The paper challenges the representativeness of current time-series forecasting evaluation scenarios, showing they are biased by simple datasets and that channel interactions become crucial for performance on more complex data, with Crossformer identified as SOTA and FaCT proposed as an efficient alternative.
Time-series forecasting research has converged to a small set of datasets and a standardized collection of evaluation scenarios. Such a standardization is to a specific extent needed for comparable research. However, the underlying assumption is, that the considered setting is a representative for the problem as a whole. In this paper, we challenge this assumption and show that the current scenario gives a strongly biased perspective on the state of time-series forecasting research.
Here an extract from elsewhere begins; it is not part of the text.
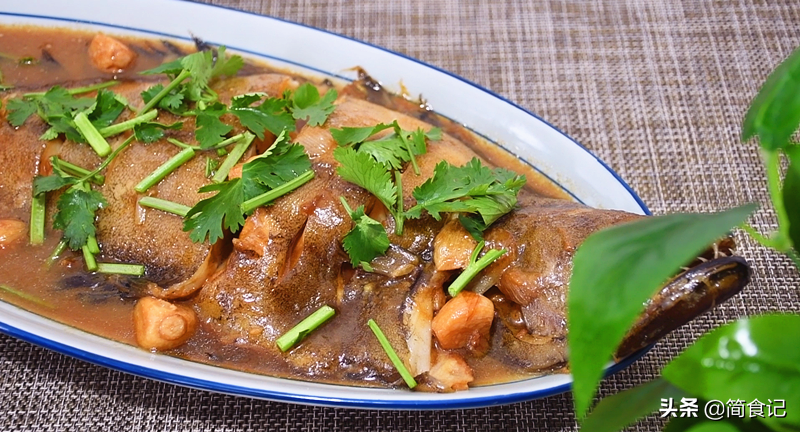 燒魚時，別再加酒加醋去腥了！ 教你這樣做，魚肉細嫩，上桌就吃光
To be more detailed, we show that the current evaluation scenario is heavily biased by the simplicity of the current datasets. We furthermore emphasize, that when the lookback-window is properly tuned, current models usually do not need any information flow across channels. However, when using more complex benchmark data, the situation changes: Here, modeling channel-interactions in a sophisticated manner indeed enhances performances. Furthermore, in this complex evaluation scenario, Crossformer, a method regularly neglected as an important baseline, is the SOTA method for time series forecasting. Based on this, we present the Fast Channel-dependent Transformer (FaCT), a simplified version of Crossformer which closes the runtime gap between Crossformer and TimeMixer, leading to an efficient model for complex forecasting datasets.